Though the non parametric spectral estimation has good dynamic performance, it has few drawbacks such as spectral leakage effects due to windowing, requires long data sequences to obtain the necessary frequency resolution, assumption of auto correlation estimate for the lags greater than length of the sequences to be zero which limits the quality of the power spectrum and the assumption of available data are periodic with period N which may not be realistic. Hence alternative must be explored to reduce the spectral leakage effects, to decease the uncertainty in the low frequency regions, to improve the frequency resolution, to reduce variance with the increased percentage of overlapping data samples a consistent spectral estimate with minimum amount of bias and variance.

The study of spectral leakage effects methods have been discussed by many authors. In this work, a non parametric power spectrum estimation method on nonuniform and uneven data sequences using Lomb Transforms and resampling, linear interpolation and cubic interpolation methods. The simulation results show the reduction in spectral leakage, improved spectral estimation accuracy and shifting of frequency peaks towards the low frequency region. The simulation results show the good argument with the published work.

To reduce the spectral leakage effects and to resolve the spectral peaks at higher frequencies of non uniform data sequences, a nonparametric power spectrum estimation method using prewhitening and post coloring technique is proposed. The combination of nonparametric with parametric method as preprocessor is proposed in large active range situations. The simulation results show the good argument with the published work.

To reduce the variance of a spectral estimate, a non parametric spectral estimation method based on circular overlapping of samples is proposed. The existing Welch nonparametric power spectrum estimation method has increased variance with the increased percentage of overlapping of samples. Welch estimate uses the linear overlapping of the samples. Hence the Welch estimate is not a consistent spectral estimate. To overcome this, circular overlapping of samples is proposed.

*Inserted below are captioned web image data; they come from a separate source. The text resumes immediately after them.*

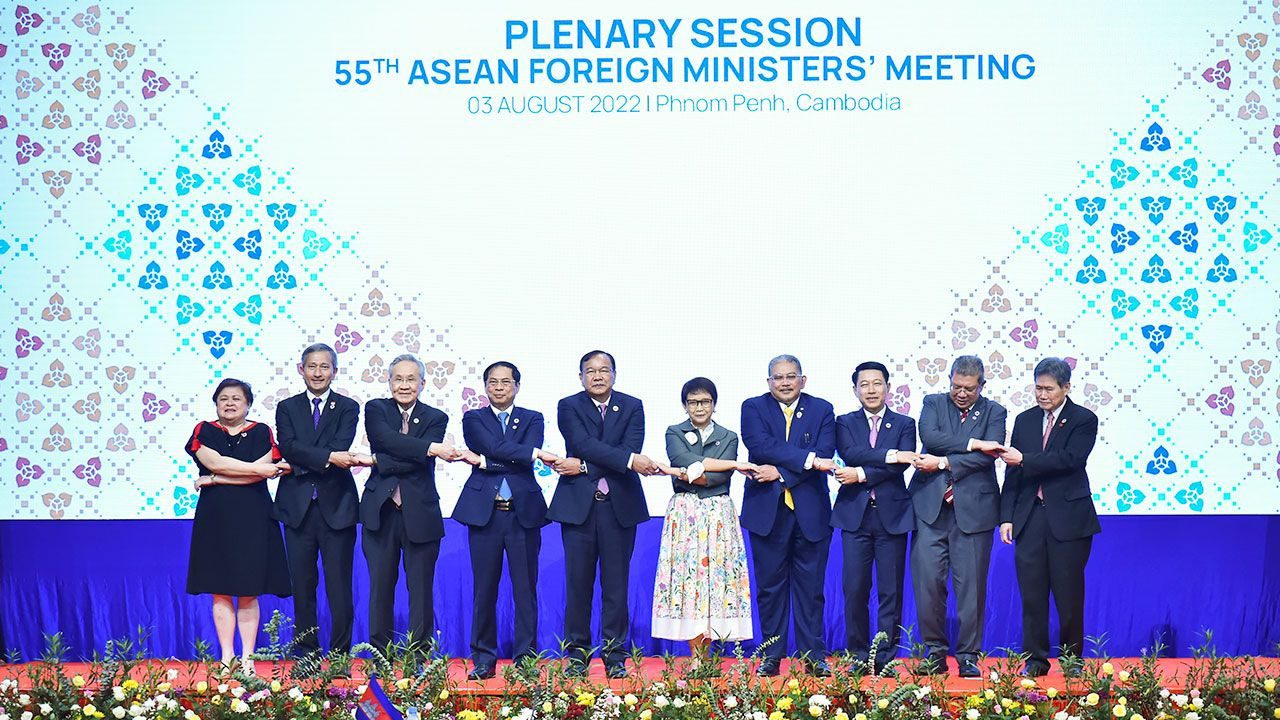 ASEAN cần đoàn kết trong tình hình thế giới có nhiều phức tạp - ảnh 2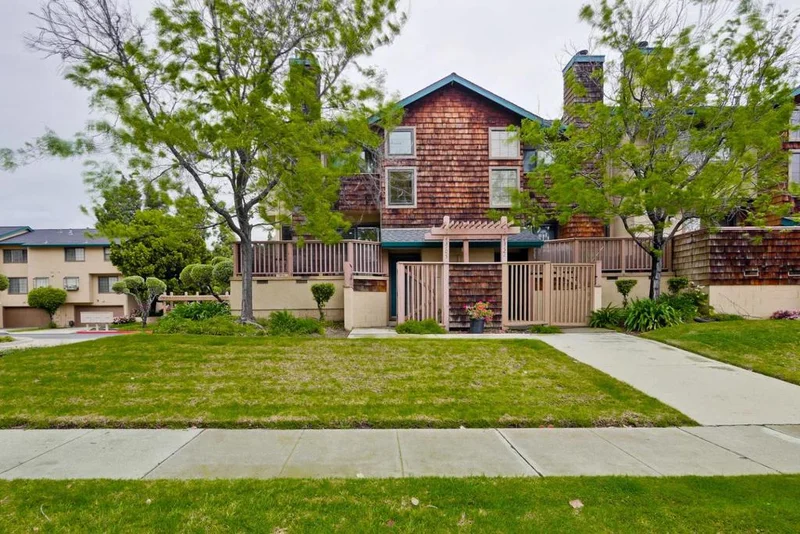 43105 Grimmer, Fremont, CA 94538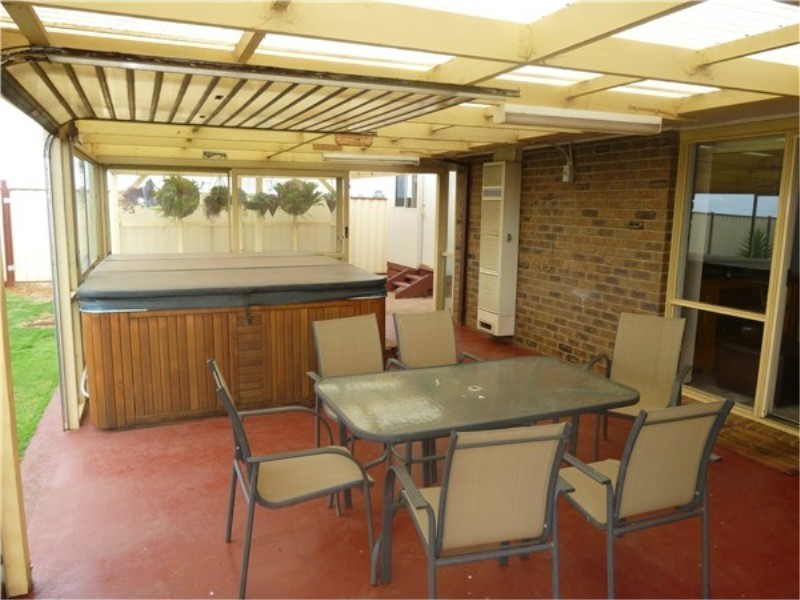 2 Strachan Place, Melton South VIC 3338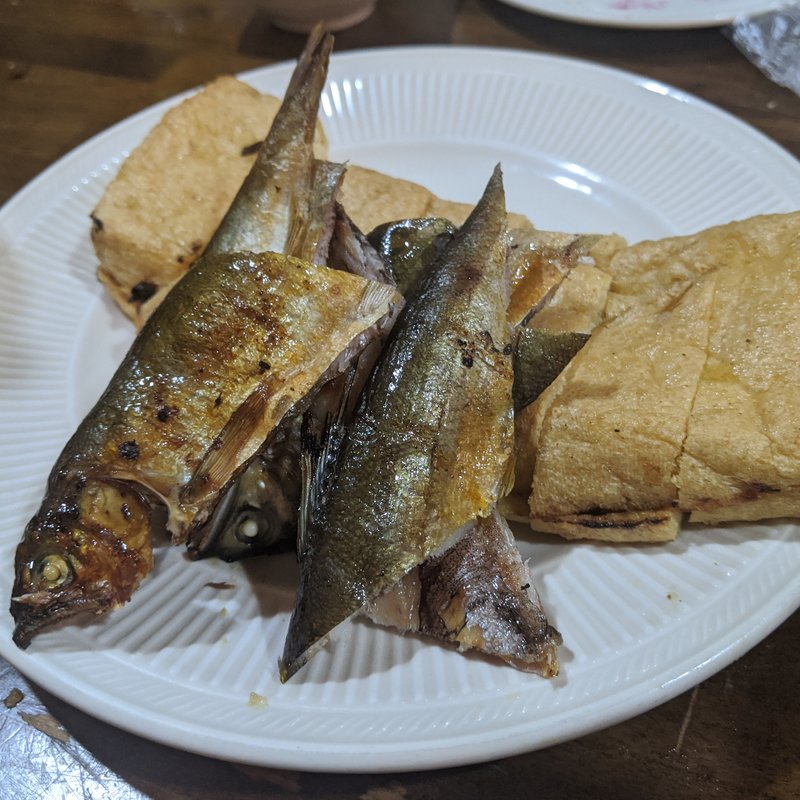 栃尾揚げ、鮎一夜干し(気まぐれキッチン石橋)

The variance of the proposed estimate decreases with increased percentage of circular overlapping of samples, the spectral variance is found to be nonmonotonically decreasing function. The simulation results show the robustness of proposed estimate with the existing Welch estimate in the published work.

To observe the spectral efficiency, frequency resolution, bias, variance and other higher order statistical characteristics like skewness and kurtosis values, the following spectral estimation techniques are proposed in the next chapter.

Power Spectrum Estimation of stationary and nonstationary data sequences using nonlinear overlapping of samples.

Power spectrum estimation of data sequences in wide dynamic range using pre whitening and post coloring technique.

Power spectrum estimation of weakly stationary Gaussian data sequences using averaged weighted least squares algorithm.

Power spectrum estimation of uneven data sequences using resampling methods like spline and cubicspline interpolation techniques.

These proposed estimates are compared to the true values of power spectral density of data sequences and hence observed that these estimates consistent estimates for longer data sequences. An estimate is said to be consistent, if its bias is zero and the variance for large number of observation of data samples approaches to zero, skewness is 3 and the good kurtosis values.